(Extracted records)
== Segment start ==
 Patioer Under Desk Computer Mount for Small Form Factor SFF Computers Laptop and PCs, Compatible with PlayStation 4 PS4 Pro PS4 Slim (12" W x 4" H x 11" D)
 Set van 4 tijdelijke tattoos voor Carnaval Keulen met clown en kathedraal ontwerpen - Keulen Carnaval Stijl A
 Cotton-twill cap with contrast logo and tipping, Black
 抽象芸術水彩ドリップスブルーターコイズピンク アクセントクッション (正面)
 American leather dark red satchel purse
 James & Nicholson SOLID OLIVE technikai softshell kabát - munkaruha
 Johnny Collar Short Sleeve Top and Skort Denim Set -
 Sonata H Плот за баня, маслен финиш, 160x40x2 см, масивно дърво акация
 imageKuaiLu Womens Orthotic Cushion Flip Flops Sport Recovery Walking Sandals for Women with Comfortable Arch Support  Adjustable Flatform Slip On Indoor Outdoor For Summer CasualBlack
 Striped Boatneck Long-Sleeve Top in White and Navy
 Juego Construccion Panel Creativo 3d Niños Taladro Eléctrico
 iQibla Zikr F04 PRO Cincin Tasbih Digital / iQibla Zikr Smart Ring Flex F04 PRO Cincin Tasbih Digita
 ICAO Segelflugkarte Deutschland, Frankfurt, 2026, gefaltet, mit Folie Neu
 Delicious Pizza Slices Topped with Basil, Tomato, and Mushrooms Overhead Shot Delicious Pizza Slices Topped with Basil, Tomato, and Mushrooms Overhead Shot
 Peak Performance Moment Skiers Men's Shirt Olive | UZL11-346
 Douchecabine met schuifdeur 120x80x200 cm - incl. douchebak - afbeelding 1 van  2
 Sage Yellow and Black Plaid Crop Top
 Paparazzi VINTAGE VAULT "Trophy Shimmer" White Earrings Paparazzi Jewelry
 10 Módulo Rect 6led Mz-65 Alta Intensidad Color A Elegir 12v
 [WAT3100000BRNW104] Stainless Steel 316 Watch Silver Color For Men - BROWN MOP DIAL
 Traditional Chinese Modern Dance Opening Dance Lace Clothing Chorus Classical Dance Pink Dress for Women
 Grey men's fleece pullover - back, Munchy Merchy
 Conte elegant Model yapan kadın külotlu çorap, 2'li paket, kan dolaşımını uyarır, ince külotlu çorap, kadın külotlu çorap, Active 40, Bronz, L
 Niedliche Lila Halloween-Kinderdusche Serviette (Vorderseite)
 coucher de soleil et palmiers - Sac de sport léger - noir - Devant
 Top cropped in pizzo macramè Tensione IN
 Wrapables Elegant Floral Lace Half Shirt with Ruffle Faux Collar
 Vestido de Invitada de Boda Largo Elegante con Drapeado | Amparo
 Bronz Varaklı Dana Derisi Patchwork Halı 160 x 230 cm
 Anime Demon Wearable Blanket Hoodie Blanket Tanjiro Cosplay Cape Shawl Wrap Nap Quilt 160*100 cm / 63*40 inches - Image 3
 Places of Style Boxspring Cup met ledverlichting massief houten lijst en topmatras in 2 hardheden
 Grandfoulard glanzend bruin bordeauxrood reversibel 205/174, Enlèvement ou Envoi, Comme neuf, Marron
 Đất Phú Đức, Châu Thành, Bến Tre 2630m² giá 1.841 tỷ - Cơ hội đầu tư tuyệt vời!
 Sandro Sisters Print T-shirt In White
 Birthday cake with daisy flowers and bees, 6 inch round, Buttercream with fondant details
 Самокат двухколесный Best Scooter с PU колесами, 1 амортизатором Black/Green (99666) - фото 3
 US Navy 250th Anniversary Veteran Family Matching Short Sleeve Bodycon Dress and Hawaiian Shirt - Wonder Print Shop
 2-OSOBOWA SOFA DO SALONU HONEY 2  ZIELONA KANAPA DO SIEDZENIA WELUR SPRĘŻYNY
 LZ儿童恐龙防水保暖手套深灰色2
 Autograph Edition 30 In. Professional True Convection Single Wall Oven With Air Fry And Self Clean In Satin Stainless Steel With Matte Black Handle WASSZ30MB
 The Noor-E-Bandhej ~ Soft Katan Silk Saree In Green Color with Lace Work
== Segment end ==
**Work instructions:**
The response should consist of every record above, reproduced exactly.

**Result below:**
 Patioer Under Desk Computer Mount for Small Form Factor SFF Computers Laptop and PCs, Compatible with PlayStation 4 PS4 Pro PS4 Slim (12" W x 4" H x 11" D)
 Set van 4 tijdelijke tattoos voor Carnaval Keulen met clown en kathedraal ontwerpen - Keulen Carnaval Stijl A
 Cotton-twill cap with contrast logo and tipping, Black
 抽象芸術水彩ドリップスブルーターコイズピンク アクセントクッション (正面)
 American leather dark red satchel purse
 James & Nicholson SOLID OLIVE technikai softshell kabát - munkaruha
 Johnny Collar Short Sleeve Top and Skort Denim Set -
 Sonata H Плот за баня, маслен финиш, 160x40x2 см, масивно дърво акация
 imageKuaiLu Womens Orthotic Cushion Flip Flops Sport Recovery Walking Sandals for Women with Comfortable Arch Support  Adjustable Flatform Slip On Indoor Outdoor For Summer CasualBlack
 Striped Boatneck Long-Sleeve Top in White and Navy
 Juego Construccion Panel Creativo 3d Niños Taladro Eléctrico
 iQibla Zikr F04 PRO Cincin Tasbih Digital / iQibla Zikr Smart Ring Flex F04 PRO Cincin Tasbih Digita
 ICAO Segelflugkarte Deutschland, Frankfurt, 2026, gefaltet, mit Folie Neu
 Delicious Pizza Slices Topped with Basil, Tomato, and Mushrooms Overhead Shot Delicious Pizza Slices Topped with Basil, Tomato, and Mushrooms Overhead Shot
 Peak Performance Moment Skiers Men's Shirt Olive | UZL11-346
 Douchecabine met schuifdeur 120x80x200 cm - incl. douchebak - afbeelding 1 van  2
 Sage Yellow and Black Plaid Crop Top
 Paparazzi VINTAGE VAULT "Trophy Shimmer" White Earrings Paparazzi Jewelry
 10 Módulo Rect 6led Mz-65 Alta Intensidad Color A Elegir 12v
 [WAT3100000BRNW104] Stainless Steel 316 Watch Silver Color For Men - BROWN MOP DIAL
 Traditional Chinese Modern Dance Opening Dance Lace Clothing Chorus Classical Dance Pink Dress for Women
 Grey men's fleece pullover - back, Munchy Merchy
 Conte elegant Model yapan kadın külotlu çorap, 2'li paket, kan dolaşımını uyarır, ince külotlu çorap, kadın külotlu çorap, Active 40, Bronz, L
 Niedliche Lila Halloween-Kinderdusche Serviette (Vorderseite)
 coucher de soleil et palmiers - Sac de sport léger - noir - Devant
 Top cropped in pizzo macramè Tensione IN
 Wrapables Elegant Floral Lace Half Shirt with Ruffle Faux Collar
 Vestido de Invitada de Boda Largo Elegante con Drapeado | Amparo
 Bronz Varaklı Dana Derisi Patchwork Halı 160 x 230 cm
 Anime Demon Wearable Blanket Hoodie Blanket Tanjiro Cosplay Cape Shawl Wrap Nap Quilt 160*100 cm / 63*40 inches - Image 3
 Places of Style Boxspring Cup met ledverlichting massief houten lijst en topmatras in 2 hardheden
 Grandfoulard glanzend bruin bordeauxrood reversibel 205/174, Enlèvement ou Envoi, Comme neuf, Marron
 Đất Phú Đức, Châu Thành, Bến Tre 2630m² giá 1.841 tỷ - Cơ hội đầu tư tuyệt vời!
 Sandro Sisters Print T-shirt In White
 Birthday cake with daisy flowers and bees, 6 inch round, Buttercream with fondant details
 Самокат двухколесный Best Scooter с PU колесами, 1 амортизатором Black/Green (99666) - фото 3
 US Navy 250th Anniversary Veteran Family Matching Short Sleeve Bodycon Dress and Hawaiian Shirt - Wonder Print Shop
 2-OSOBOWA SOFA DO SALONU HONEY 2  ZIELONA KANAPA DO SIEDZENIA WELUR SPRĘŻYNY
 LZ儿童恐龙防水保暖手套深灰色2
 Autograph Edition 30 In. Professional True Convection Single Wall Oven With Air Fry And Self Clean In Satin Stainless Steel With Matte Black Handle WASSZ30MB
 The Noor-E-Bandhej ~ Soft Katan Silk Saree In Green Color with Lace Work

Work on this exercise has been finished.